+++ Extracted information

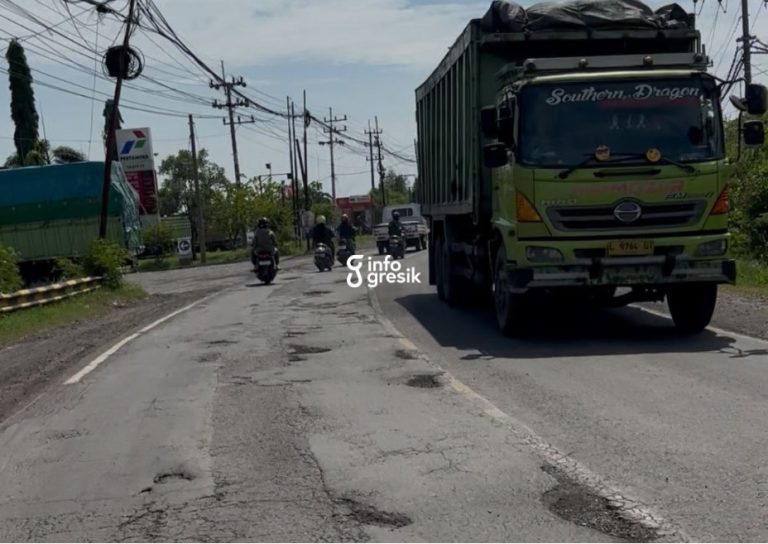 Sering Picu Kecelakaan, Perbaikan Jalan Raya Manyar Gresik Ditargetkan Rampung Akhir Tahun Kondisi Jalan Daendels di Desa Banyuwangi, Kecamatan Manyar, Kabupaten Gresik. (Foto: Khanif Rosidin/Infogresik)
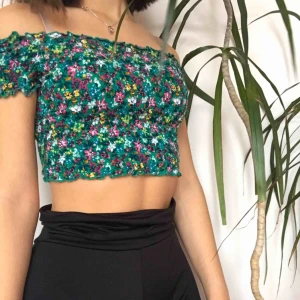  - Söt tröja till solsemestern!! Stretching. Används för lite och förtjänar ett bättre hem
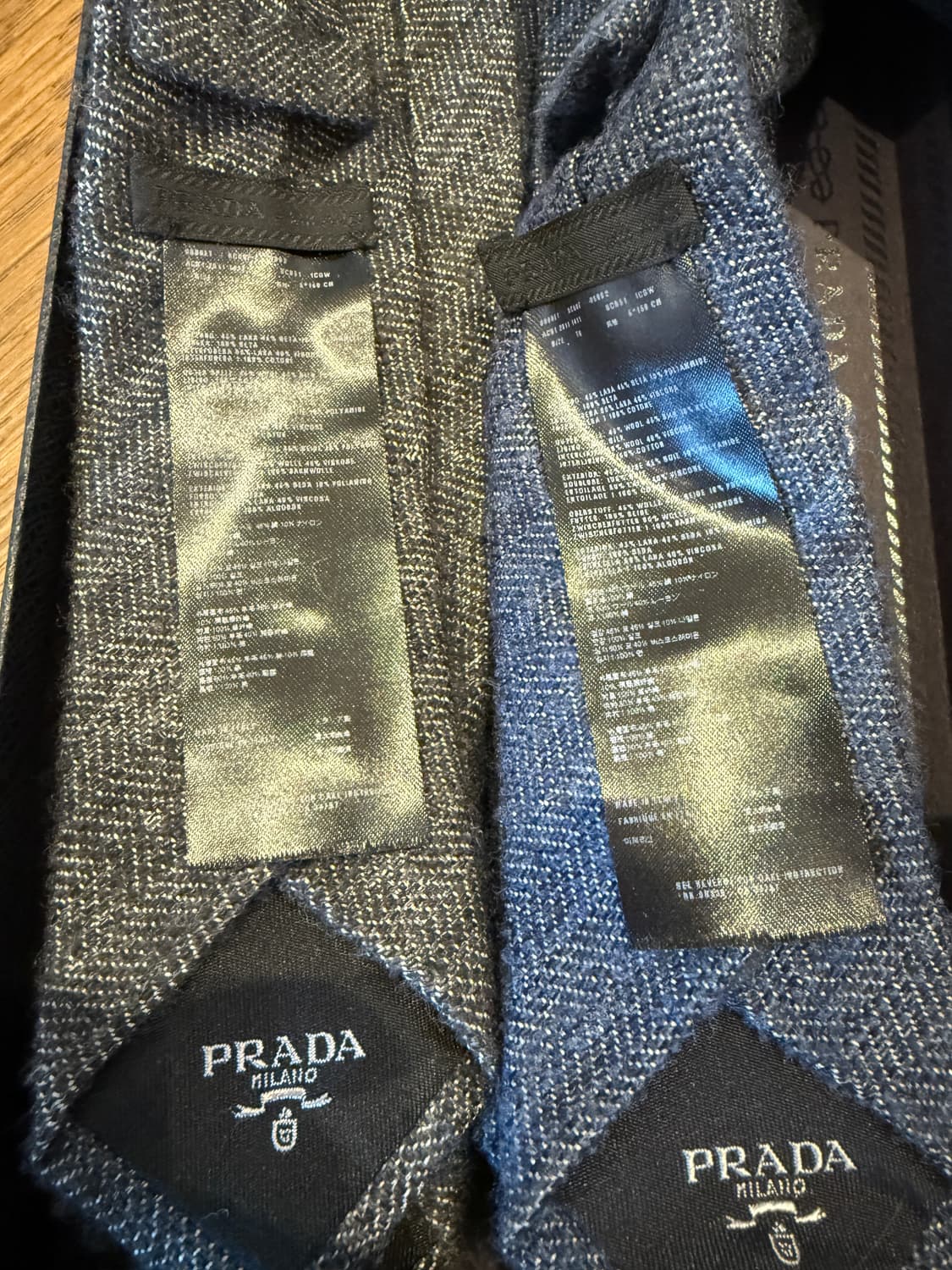 프라다 양모넥타이 2개 세트 (케이스포함) 상품이미지2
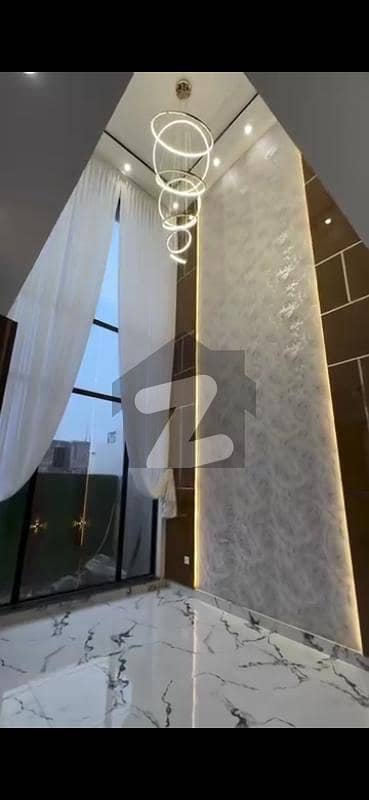 5 Marla House Available For Rent In Lake City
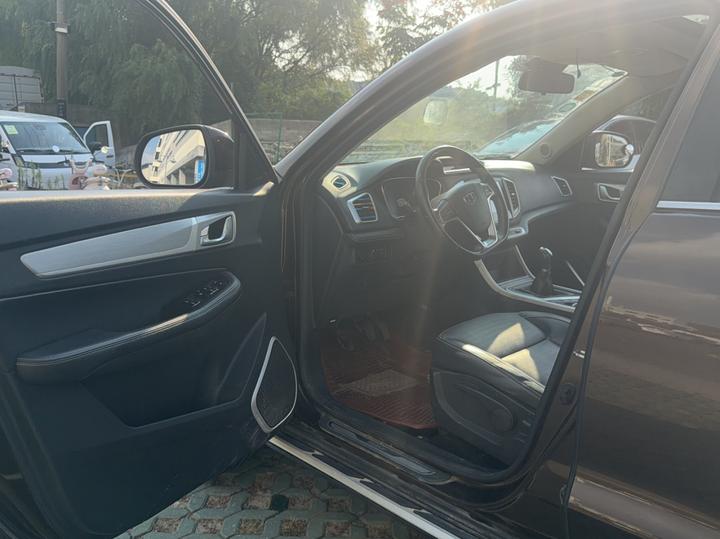 Vision X6 2018 1.8L MT 4G Luxury photo 3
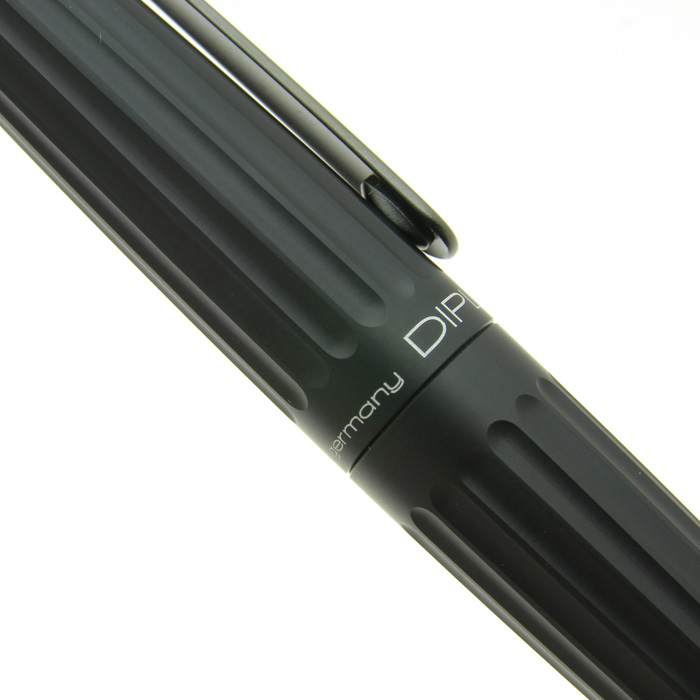 新品)DIPLOMAT ディプロマット 万年筆 アエロ ブラック 14K M（商品ID
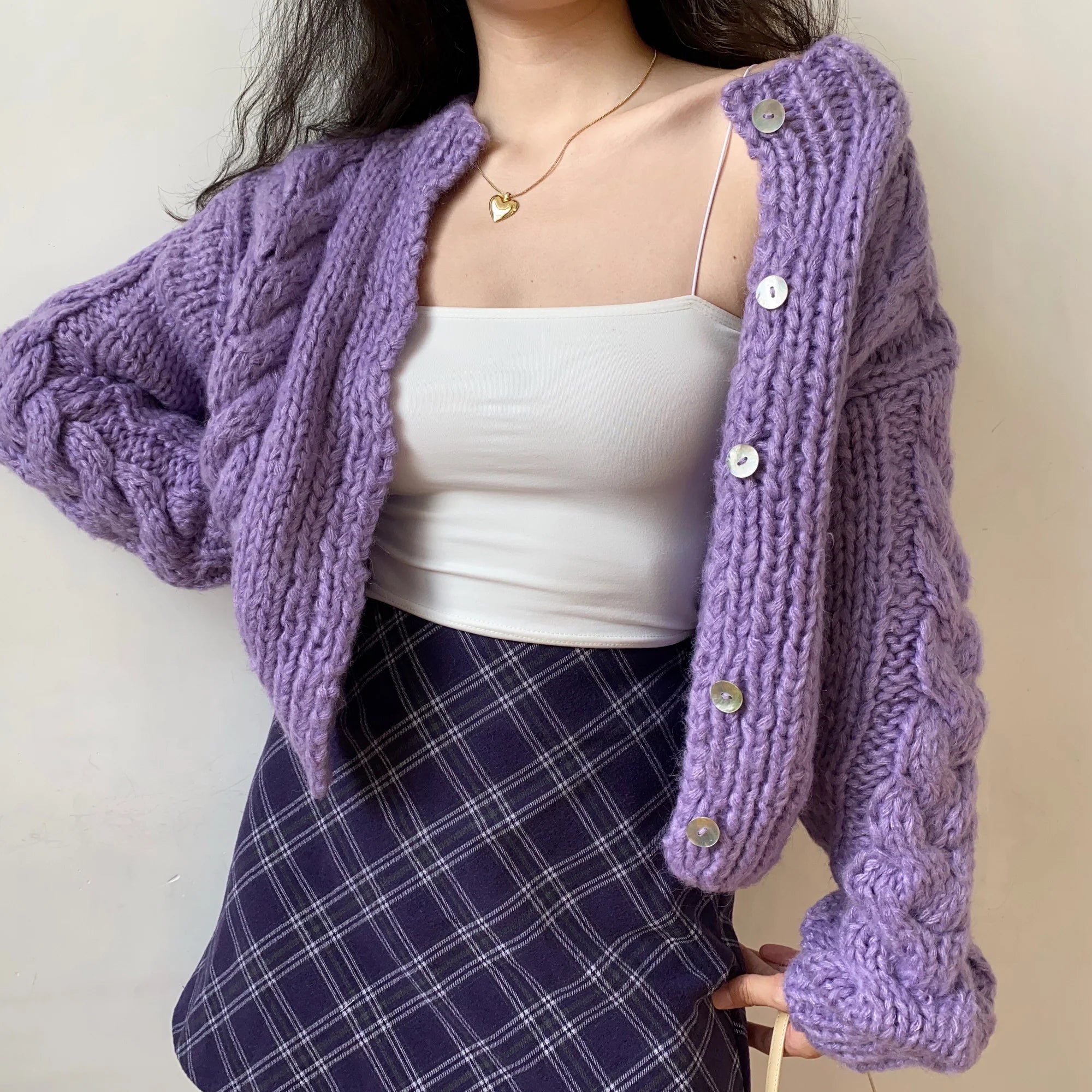ribbed women cardigan with a classic textureHeavy Cable Knit Cardigan    S2750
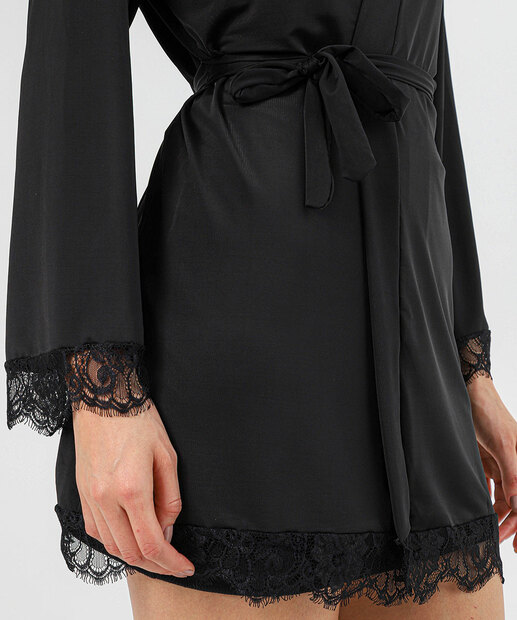 Robe Feminino Curto Preto com Renda Marisa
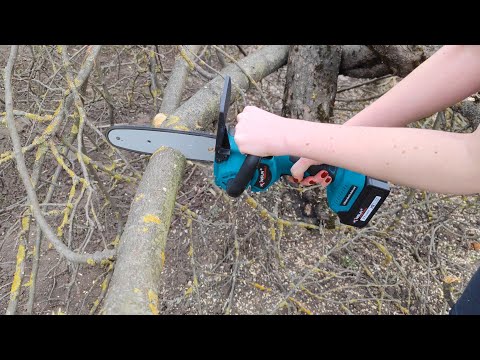 акумуляторна пила Konsun чи вартує її купувати для дому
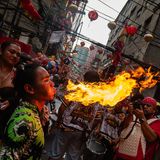 In Manila auf den Philippinen treten ebenfalls Straßenkünstler auf.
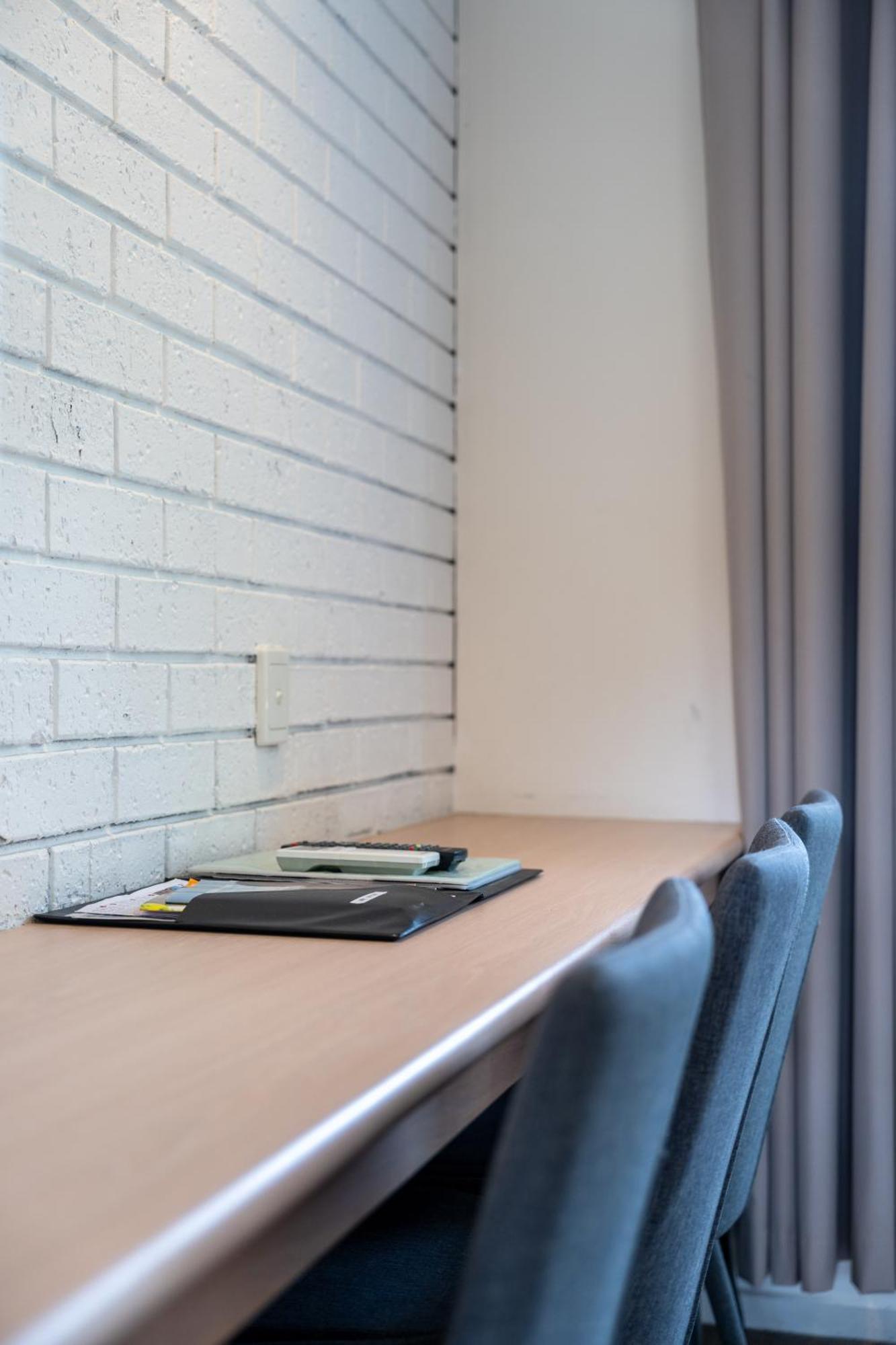 Bristol Hill Motor Inn แมรีโบโร ภายนอก รูปภาพ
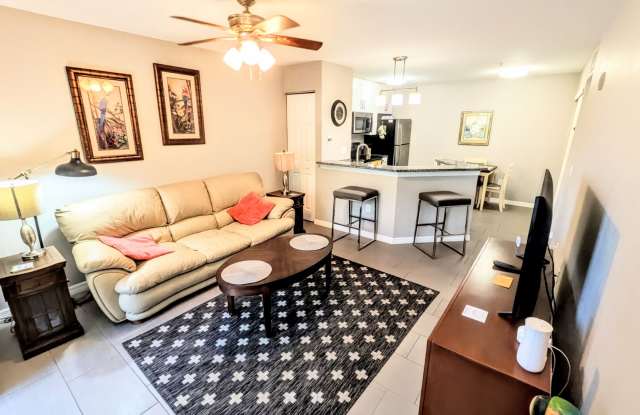 SEASONAL SHORT-TERM 1 BED 1 BATH GROUND FLOOR CONDO Gallery 3
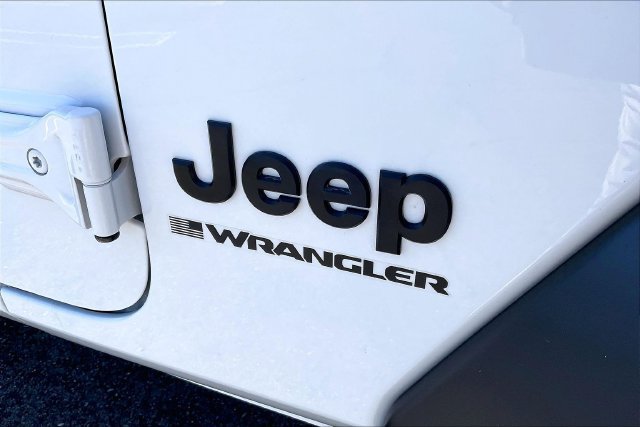 Used 2025 Jeep Wrangler Unlimited Sport AWD/4WD image 31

++++++

● **Task prompt**
Reproduce, unchanged, each line between the one with "5 Marla House" and the last line of the material, both included; the pictures do not go in.

● **Result**
 5 Marla House Available For Rent In Lake City
 Vision X6 2018 1.8L MT 4G Luxury photo 3
 新品)DIPLOMAT ディプロマット 万年筆 アエロ ブラック 14K M（商品ID
ribbed women cardigan with a classic textureHeavy Cable Knit Cardigan    S2750
 Robe Feminino Curto Preto com Renda Marisa
 акумуляторна пила Konsun чи вартує її купувати для дому
 In Manila auf den Philippinen treten ebenfalls Straßenkünstler auf.
 Bristol Hill Motor Inn แมรีโบโร ภายนอก รูปภาพ
 SEASONAL SHORT-TERM 1 BED 1 BATH GROUND FLOOR CONDO Gallery 3
 Used 2025 Jeep Wrangler Unlimited Sport AWD/4WD image 31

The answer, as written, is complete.